Fix an $\epsilon$ -packing $\{t_1, \ldots, t_N\}$ where $N = D(\epsilon)$ . Compare the Gaussian process $(X_{t_i})$ to an independent collection of $\mathcal{N}(0, \epsilon^2/2)$ random variables using the Slepian inequality: since $\mathbb{E}[(X_{t_i} - X_{t_j})^2] \geq \epsilon^2$ , the original process has larger increments and hence at least as large an expected supremum. The expected supremum of $N$ i.i.d. $\mathcal{N}(0, \sigma^2)$ variables is $\geq c \sigma \sqrt{\log N}$ for $N \geq 2$ . See van Handel (2016), Theorem 5.30.

Why It Matters

Combined with Dudley's upper bound, Sudakov gives:

$c \sup_{\epsilon > 0} \epsilon \sqrt{\log N(\epsilon)} \leq \mathbb{E}\left[\sup_t X_t\right] \leq C \int_0^\infty \sqrt{\log N(\epsilon)}\, d\epsilon$

The two bounds match up to a $\sqrt{\log |T|}$ factor in the worst case, and exactly when $\log N(\epsilon)$ is regularly varying. This is why Talagrand's $\gamma_2$ functional was needed: it closes the gap and gives a characterization up to universal constants.

Failure Mode

Sudakov is sharp only at the single optimizing scale and only for Gaussian processes (or sub-Gaussian processes via a comparison theorem).
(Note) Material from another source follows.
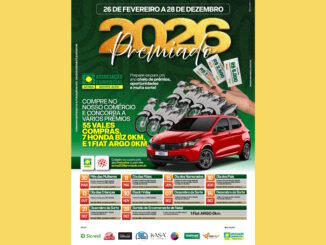Promoção Acima 2026 Premiado - Monte Alto SP: Concorra carro e motos 0km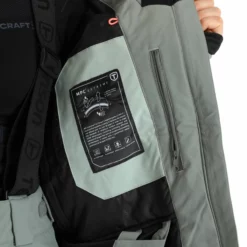 Tenson, Orbit Ski Jacket Ski-jas Dames Grey Groen -XUEFENG EXTREME OUTFIT tenson orbit ski jacket aa jas gevoerd dames grey groen 22tenso104v2 BI 10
For sub-exponential or heavy-tailed processes, neither Sudakov nor Dudley directly applies; you need separate tools (Bernstein-type concentration, generic chaining with $\gamma_1 + \gamma_2$ ).

report a correction →

Gaussian Comparison: Slepian-Sudakov-Fernique

Sudakov's proof uses a Gaussian comparison inequality. The same tool lets you compare the expected supremum of a complicated Gaussian process to a simpler reference process whose supremum is known.

Theorem

Sudakov-Fernique Inequality

Statement

Let $(X_t)_{t \in T}$ and $(Y_t)_{t \in T}$ be centered Gaussian processes on a finite index set $T$ . If

$\mathbb{E}[(X_s - X_t)^2] \geq \mathbb{E}[(Y_s - Y_t)^2] \quad \text{for all } s, t \in T,$

then

$\mathbb{E}\left[\sup_{t \in T} X_t\right] \geq \mathbb{E}\left[\sup_{t \in T} Y_t\right]$

Intuition

Larger increments push points apart more, so the maximum spreads farther from zero in expectation. The comparison is on increments, not on marginal variances; only the geometry of the process matters.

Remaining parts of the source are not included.